彼はほとんど同じだったが、若干違っている
部分があると答えます。
それは、最初の夢では人の流れに逆らえず、
立ち止まることも出来なかったが、
二度目は辛うじて立ち止まることが出来た。
つまり、彼は最初、社会の潮流に圧倒され
ながらも、その数日後には微力ながら、
それに抵抗する精神的強さを手に入れたと
解釈することが出来ます。
最初の夢と二度目の夢の小さな違いは、
数日前に比べて彼の心が少しだけ成長した
ことを表している。
*
彼は、さらに数日経って同じ夢を見ます。
三度目の夢でも、内容としては、ほぼ変化
はありませんが、今回は、人ごみの中で
立ち止まり周りを観察した。
夢の中で、” また、この夢だ ” と思いながら、
周りをじっくり見まわすと、流れの先に、
人混みが少ない箇所を見つけたと言います。
彼は、この時点で、ただ立ち止まるだけ
でなく、周りの状況を観察する冷静な行動
を取っている。
夢の中で見つけた人混みが少ない箇所は、
彼の中に、
” もしかしたら、少し先に進めば、
今よりはマシな状況になるかもしれない ”
という楽観的な視点を持てるゆとりが
出来たということかもしれません。
彼は同じシチュエーションの夢を見ては
いますが、その中で少しずつ違った対応を
している。
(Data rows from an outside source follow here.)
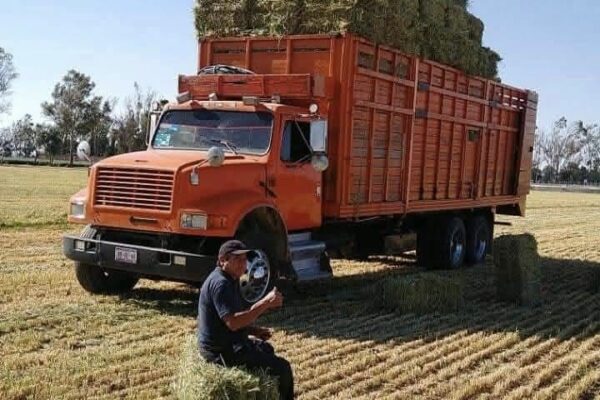 WhatsApp Image 2026-02-04 at 12.05.56 PM (3)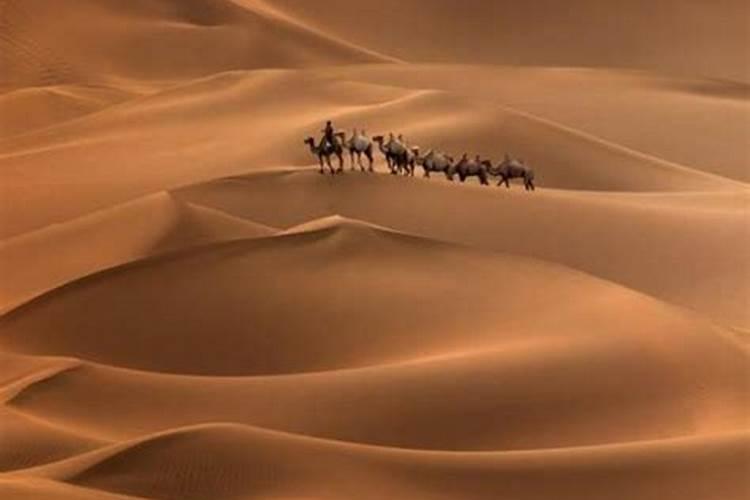 梦见在沙漠走路什么意思周公解梦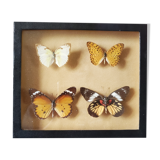 Butterfly frame
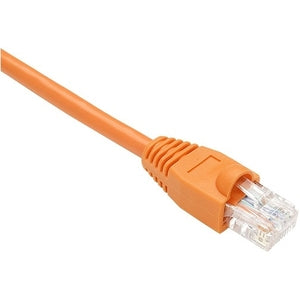 242039878.jpg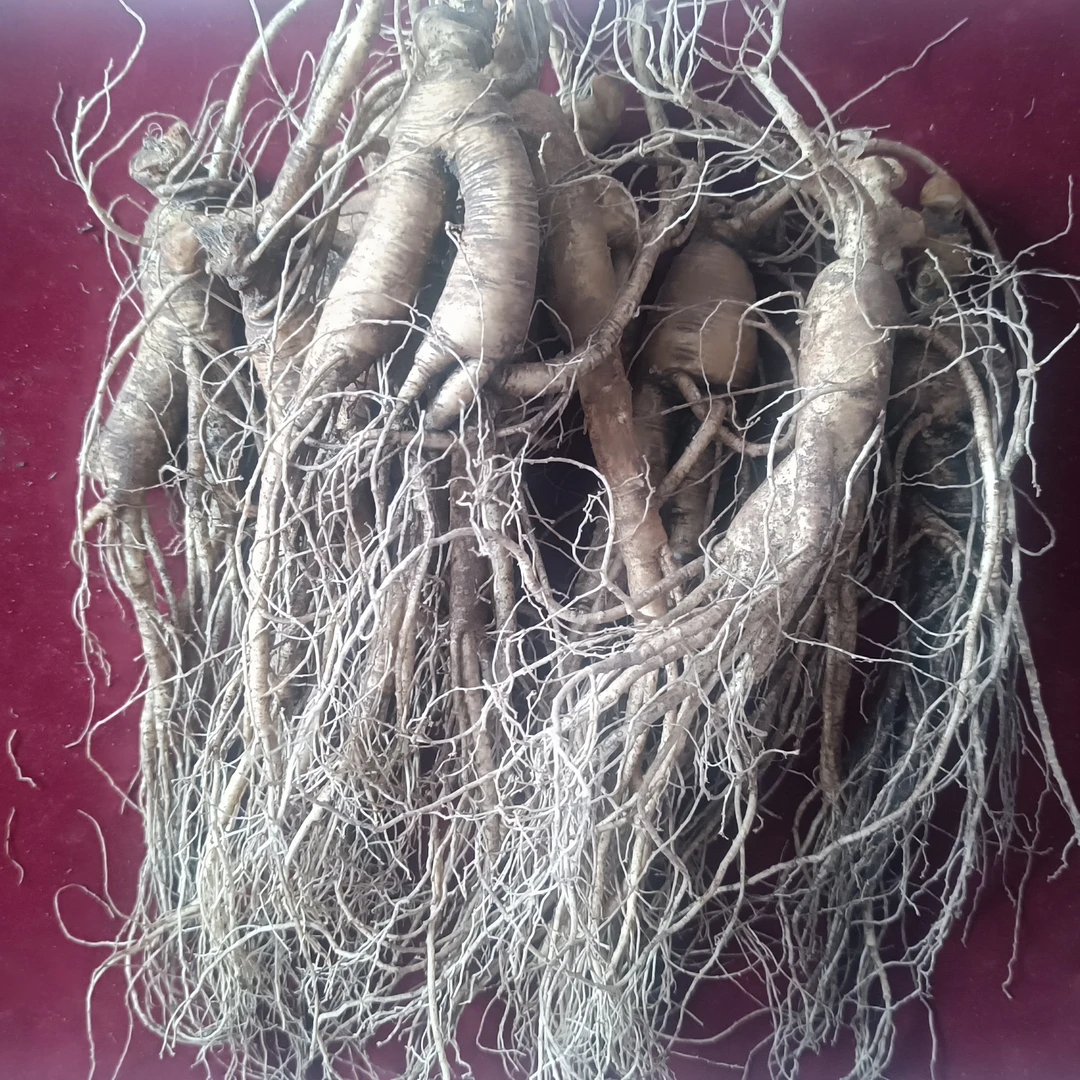 长白山新鲜林下参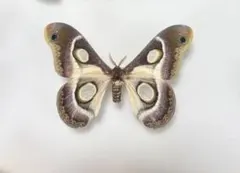 【希少産地】ギフチョウ♂♀標本★鳥取県鳥取市産★ 53/54mm 美麗標本・貴重 希少産地】ギフチョウ♂♀標本☆鳥取県鳥取市産☆ 53/54mm 美麗標本
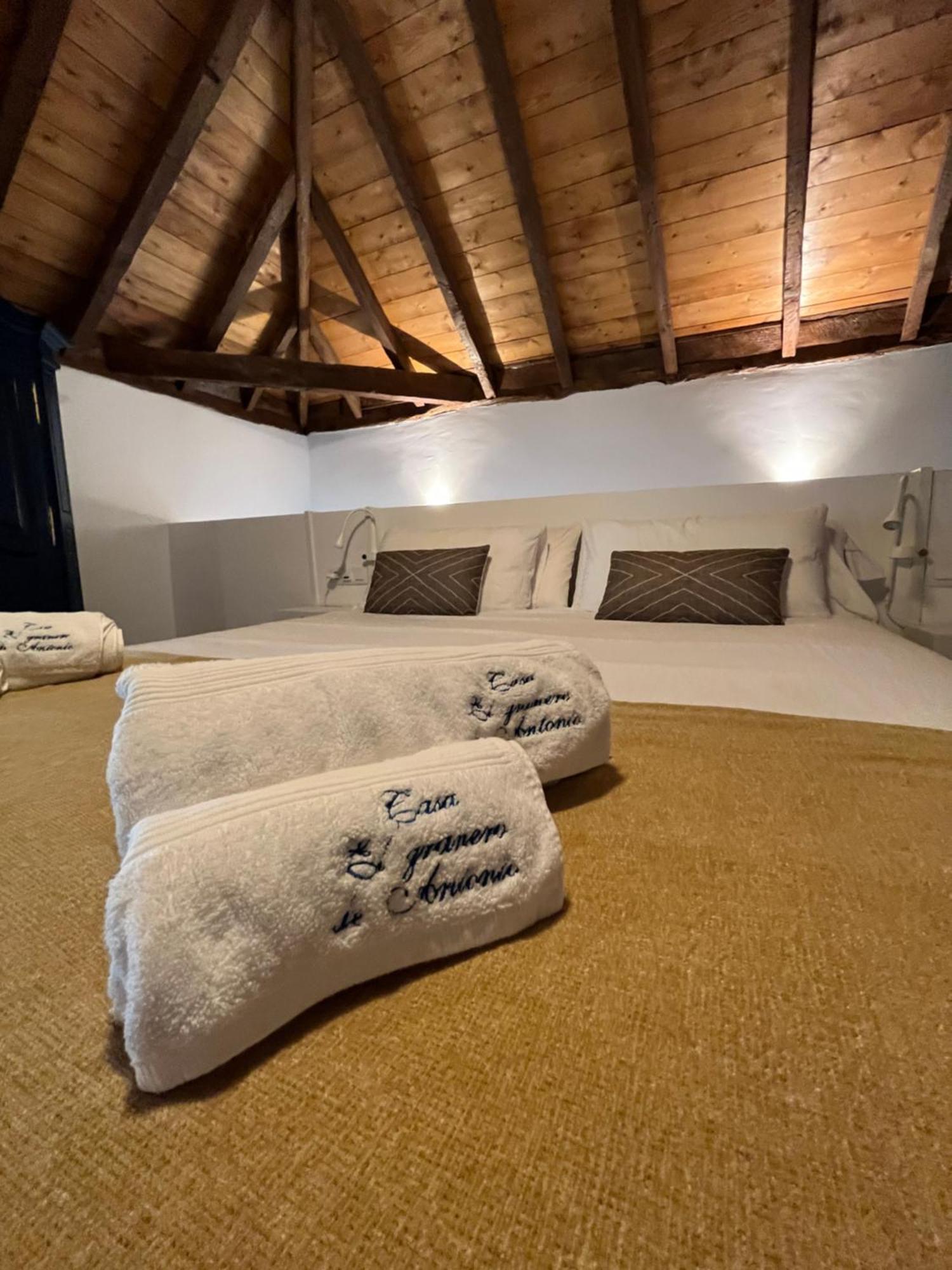 Casa El Granero De Antonio Holiday home San Miguel de Abona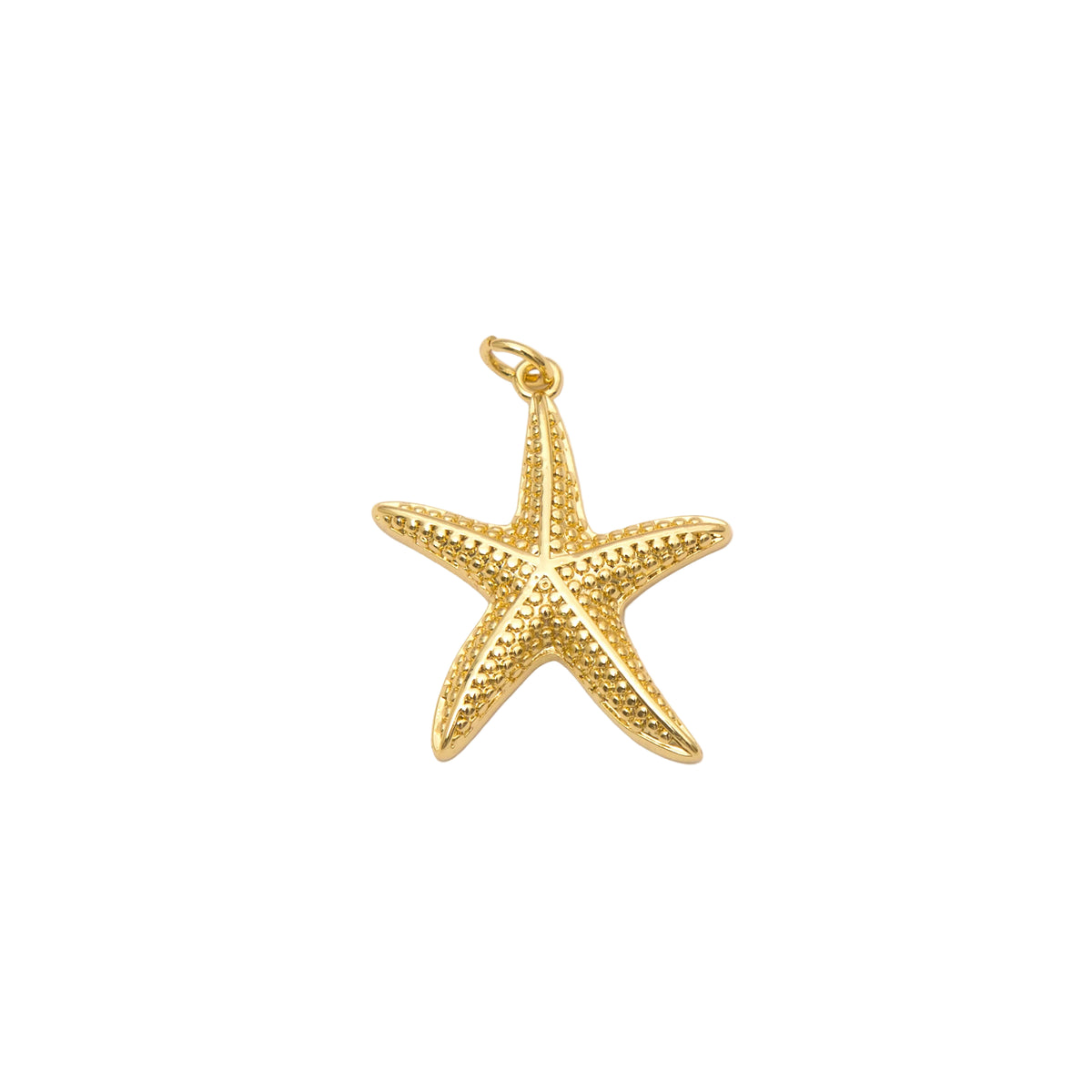 Sea Star Charm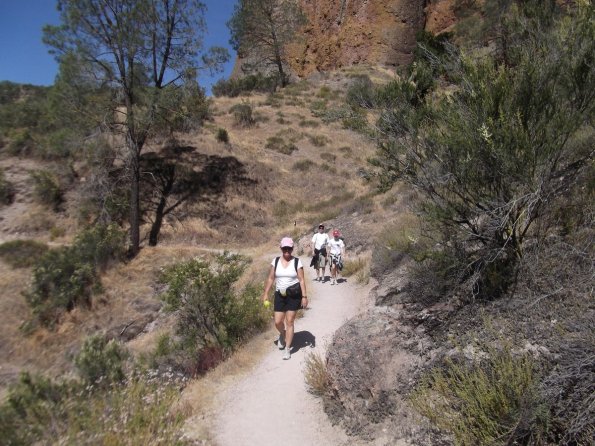 2011_Pinnacles40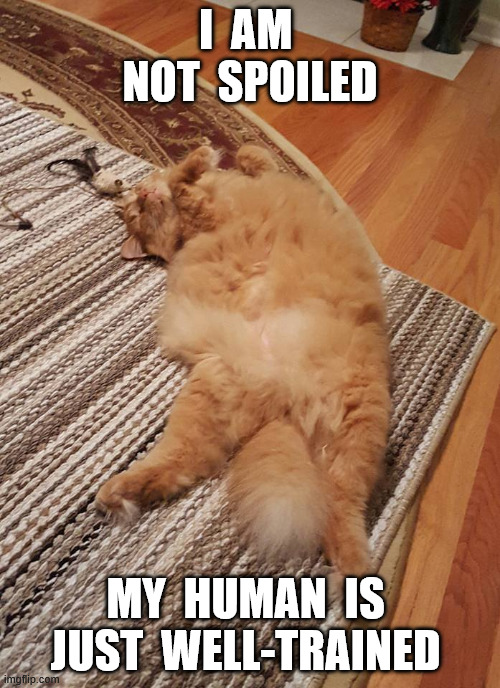 spoiled cat | I  AM  NOT  SPOILED; MY  HUMAN  IS  JUST  WELL-TRAINED | image tagged in cats | made w/ Imgflip meme maker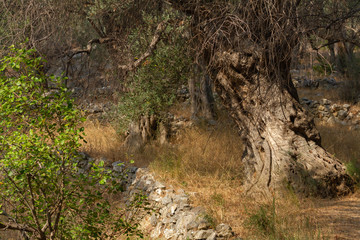 Ancient centuries-old olive trees in Samos Island, Greece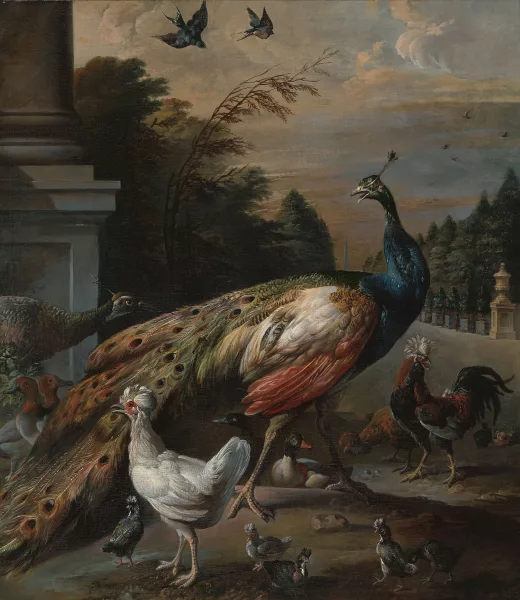 Adriaen van Oolen — Attribué à Oolen, Adriaen van — zugeschrieben Federvieh in einer Parklandschaft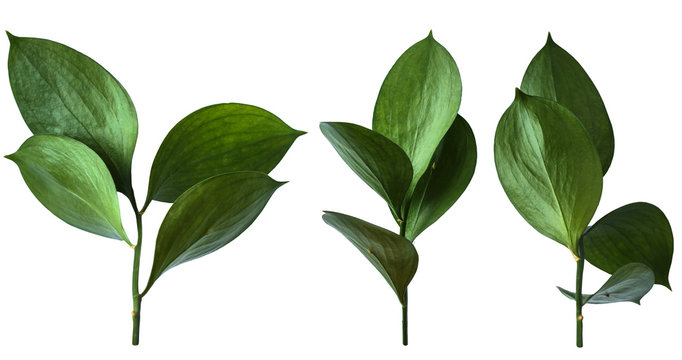 Isolated green foliage. Branch with leaves on a white background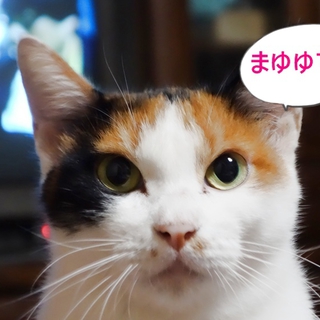 三毛猫　まゆゆです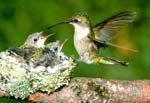 Ruby-Throated Hummingbird 
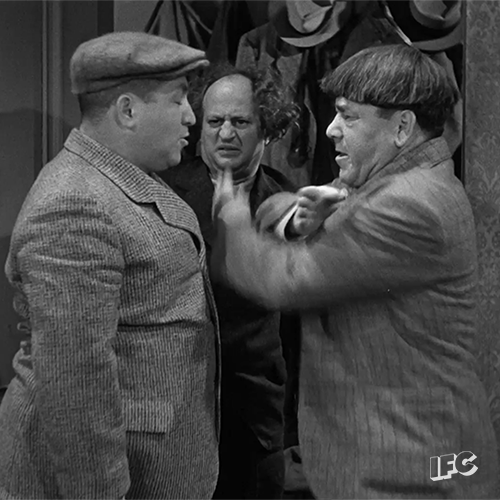 Three Stooges Stooge GIF by IFC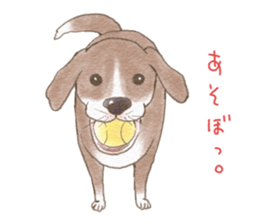 Dog wearing socks. sticker #8625366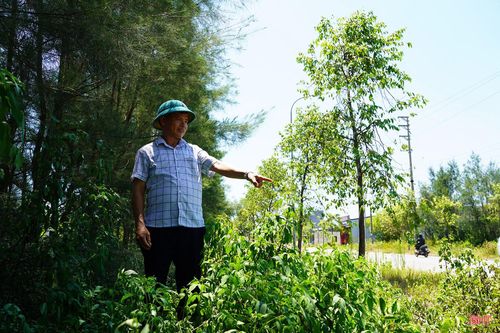Ông Lê Văn Dũng (phường Thành Sen) cho biết: “Tuyến đường được đầu tư khang trang, lưu lượng người và phương tiện qua lại đông đúc. Thế nhưng, thời gian gần đây, hai bên đường xuất hiện nhiều điểm nhếch nhác do cỏ dại mọc um tùm. Người dân muốn đi bộ hay tập thể dục vào buổi sáng gặp nhiều bất tiện".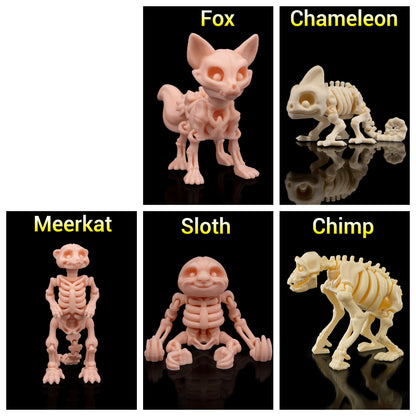 Articulated Animal Skeleton Toys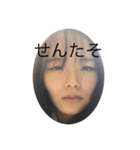 はしもとせんだよ（個別スタンプ：7）
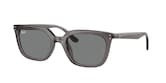 RAY-BAN  0RB4439D 901/9A 54 Napszemüveg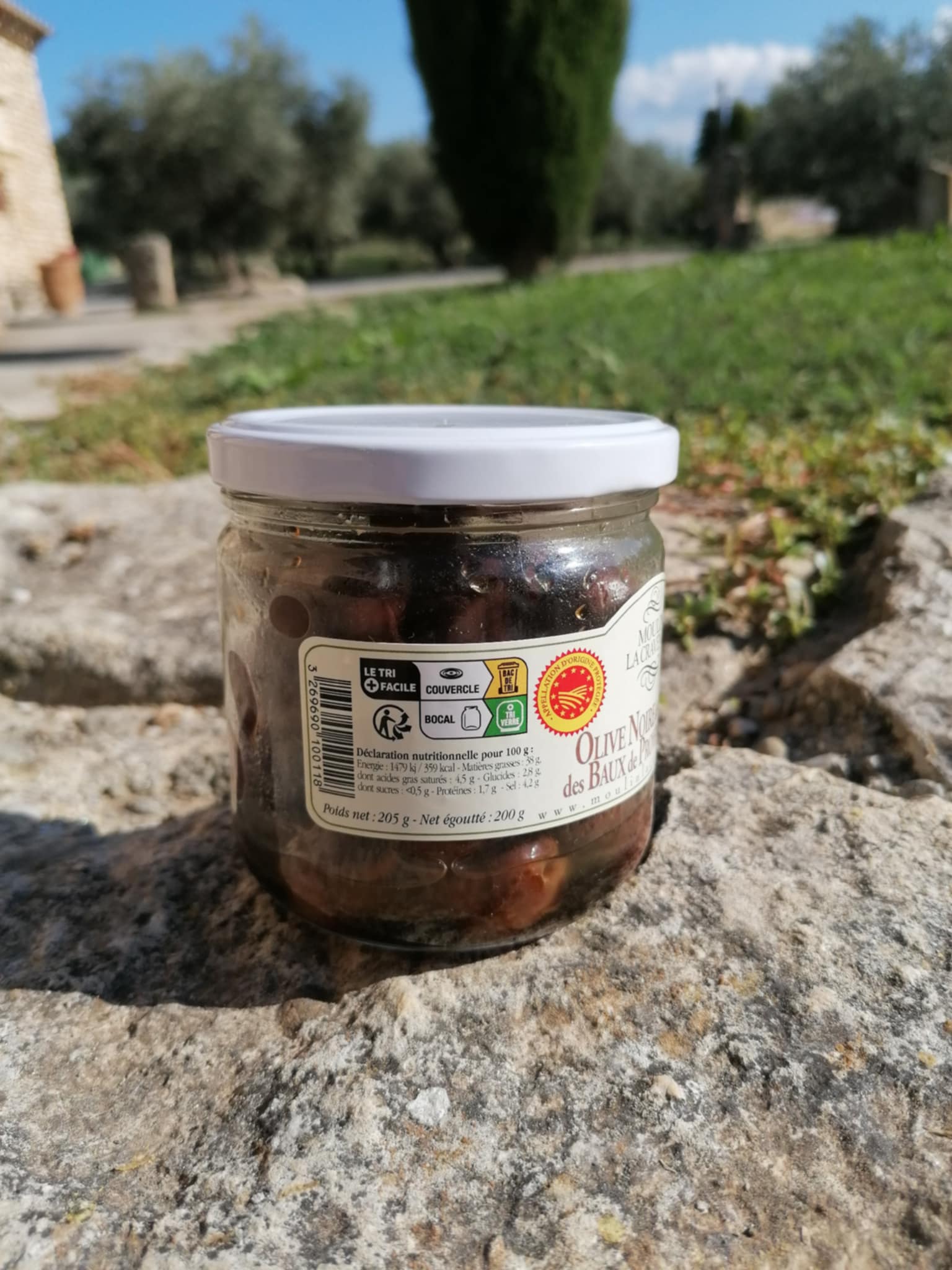 Olives Noires VDB 2
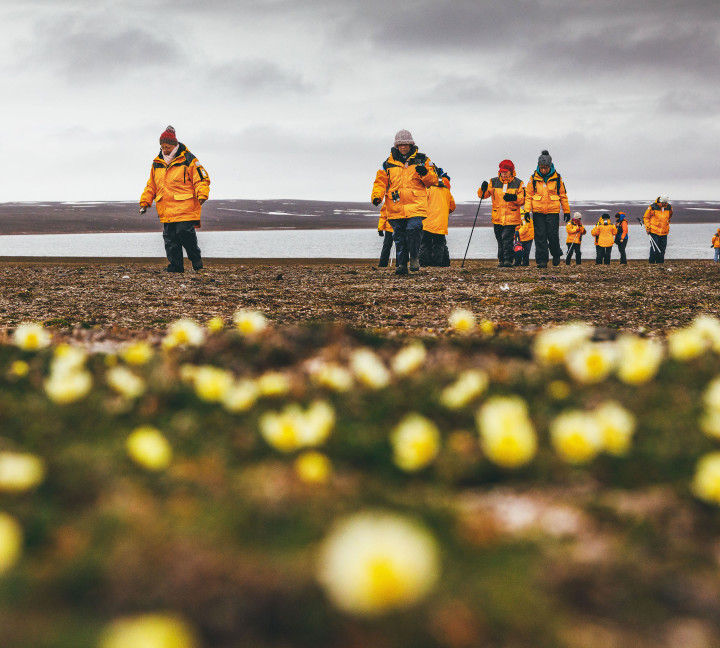 Spitsbergen Highlights: Wildlife Capital of the Arctic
繰り返される同じ夢の中で、
心が確実に変化しているのです。
無形の誤差
実際、人は何もしなくても変化していく
ものです。
夢はその人の心が作り出すものですから、
普通ならば心の変化に伴い、夢も変化
していくはずです。むしろ、100%
完全一致の夢を見る方が難しいでしょう。
もし、そうであるというなら、心が全く
変化していないということになりますから。
時間を止めるか、数日間の記憶を失うか
しなければ、心の変化を止めることは、
実質、不可能です。
*
例えば、今回のケースでは、三度目の夢を
見た青年は夢の中で ” また、この夢か ”
という認識を持っています。
この認識は、最初の夢、二度目の夢には
存在しなかった認識です。そして、
この認識によって彼は前回とは違う行動を
取るゆとりと冷静さを身に着けている。
シチュエーションとしては、
人混みの中にいるという同じ状況が
描かれているだけですが、その中で持った
認識や考えたことは、映像としては表現
されていませんが、確実に ” 誤差 ” と
言えます。
夢の中で本人が思ったこと感じたことは、
一見するとストーリーとは無関係に
思えますが、潜在意識はそれら無形の
パーツについても視野に入れて夢を設計
します。
*
今回のケースのように解決されないまま
放置されている問題意識が連続した
” 同じ夢 ” になることがあります。
それは、実際に解決するか、自身の考えを
変えるか、もしくは、その状況に慣れて
しまうか、いずれかによって、夢は変化し
繰り返しが無くなっていく。
大切なのは、同じ夢の中にある
” 小さな誤差 ” を観察することです。
それは、ストーリーの変化だけでなく、
見た目には分かりにくいちょとした心の
動きや、その時に感じたことなど、
無形の変化も含まれます。
その小さな誤差を注意深く観察することで、
同じ夢に見せかけながらも、そこには、
繊細な心の変化が克明に描かれているのを
発見出来るでしょう。
こうして、心の中で起こっている変化を
自覚した瞬間、それ自体が ” 心の変化 ”
になるのです。
そして、その変化は、次に作られる夢に
影響を与えることになる。
そうして良い循環が生まれ、
連鎖を断ち切るための下地が出来上がる。